Luca Marmorini, Ferrari’s previous engine designer was dismissed last season when he chose to blame every other department for the engines woes. Marco Mattiacci made it clear in his short time as the team principal that blame cultivated nothing but resentment and he would cut loose anybody that believed otherwise.
He was replaced by Lorenzo Sassi as the chief designer of the Ferrari engines and in the few short months that he has been in charge Ferrari’s Power Unit has been transformed.
Like all the manufacturers, the Scuderia has made changes to their engines too and the SF15-T will host a number of bodywork changes to increase airflow through the car to cool critical items down.
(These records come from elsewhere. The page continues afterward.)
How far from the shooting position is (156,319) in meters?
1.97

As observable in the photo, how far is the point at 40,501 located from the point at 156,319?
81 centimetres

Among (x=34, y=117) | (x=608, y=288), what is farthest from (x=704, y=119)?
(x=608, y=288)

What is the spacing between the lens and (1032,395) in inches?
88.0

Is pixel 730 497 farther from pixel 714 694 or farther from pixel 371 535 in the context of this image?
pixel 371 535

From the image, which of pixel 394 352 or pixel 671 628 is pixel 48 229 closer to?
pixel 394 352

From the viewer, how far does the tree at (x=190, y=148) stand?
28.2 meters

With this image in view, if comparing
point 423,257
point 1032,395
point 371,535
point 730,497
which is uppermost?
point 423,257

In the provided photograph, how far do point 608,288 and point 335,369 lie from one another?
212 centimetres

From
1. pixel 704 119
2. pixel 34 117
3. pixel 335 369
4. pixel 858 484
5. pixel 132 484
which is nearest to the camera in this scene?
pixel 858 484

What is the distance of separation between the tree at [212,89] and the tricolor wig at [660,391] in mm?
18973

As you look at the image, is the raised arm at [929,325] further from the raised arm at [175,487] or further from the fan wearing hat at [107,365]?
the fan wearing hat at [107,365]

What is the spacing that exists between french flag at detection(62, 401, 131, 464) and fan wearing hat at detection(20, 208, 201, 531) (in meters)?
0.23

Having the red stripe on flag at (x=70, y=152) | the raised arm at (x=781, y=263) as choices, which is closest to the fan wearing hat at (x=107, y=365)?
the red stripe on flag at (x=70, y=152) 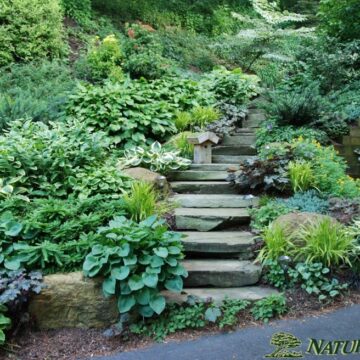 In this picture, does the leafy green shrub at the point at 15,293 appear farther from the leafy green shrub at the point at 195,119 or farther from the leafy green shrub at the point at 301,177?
the leafy green shrub at the point at 195,119

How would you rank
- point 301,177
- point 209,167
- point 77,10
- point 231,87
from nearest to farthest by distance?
point 301,177
point 209,167
point 231,87
point 77,10

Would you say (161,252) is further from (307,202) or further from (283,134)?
(283,134)

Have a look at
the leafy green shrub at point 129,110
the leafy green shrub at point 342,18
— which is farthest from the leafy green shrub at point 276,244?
the leafy green shrub at point 342,18

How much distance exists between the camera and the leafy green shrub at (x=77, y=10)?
11172 mm

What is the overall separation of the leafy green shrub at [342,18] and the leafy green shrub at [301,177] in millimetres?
5288

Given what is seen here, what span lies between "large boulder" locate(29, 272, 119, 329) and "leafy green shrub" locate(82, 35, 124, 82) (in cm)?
530

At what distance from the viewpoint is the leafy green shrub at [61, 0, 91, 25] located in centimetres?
1117

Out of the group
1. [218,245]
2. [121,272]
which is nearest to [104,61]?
[218,245]

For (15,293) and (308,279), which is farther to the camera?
(308,279)

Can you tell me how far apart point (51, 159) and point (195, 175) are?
6.27 ft

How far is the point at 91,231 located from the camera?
384 centimetres

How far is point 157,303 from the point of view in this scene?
10.9ft

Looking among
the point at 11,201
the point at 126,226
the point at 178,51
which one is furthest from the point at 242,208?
the point at 178,51

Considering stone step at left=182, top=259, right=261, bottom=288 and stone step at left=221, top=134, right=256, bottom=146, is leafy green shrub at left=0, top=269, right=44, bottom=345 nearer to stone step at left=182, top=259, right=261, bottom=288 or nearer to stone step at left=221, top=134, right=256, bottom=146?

Sassi explained part of the Italian team’s methodology: “For the power unit, Sepang would be a medium-loop circuit, but high temperatures and above the level of humidity make the cooling of components critical. Unlike naturally aspirated engines the turbos have the ability to compensate for adverse weather conditions such as a lower air density thereby not affecting the performance of the engines.”
The team’s engineers will also spend considerable time replenishing fluids made up of water and minerals throughout the weekend. This is essential to maintain both focus and clarity whilst attending to the cars during pit-stops and of course, like the drivers they will also be dressed in helmets and fireproof clothing throughout.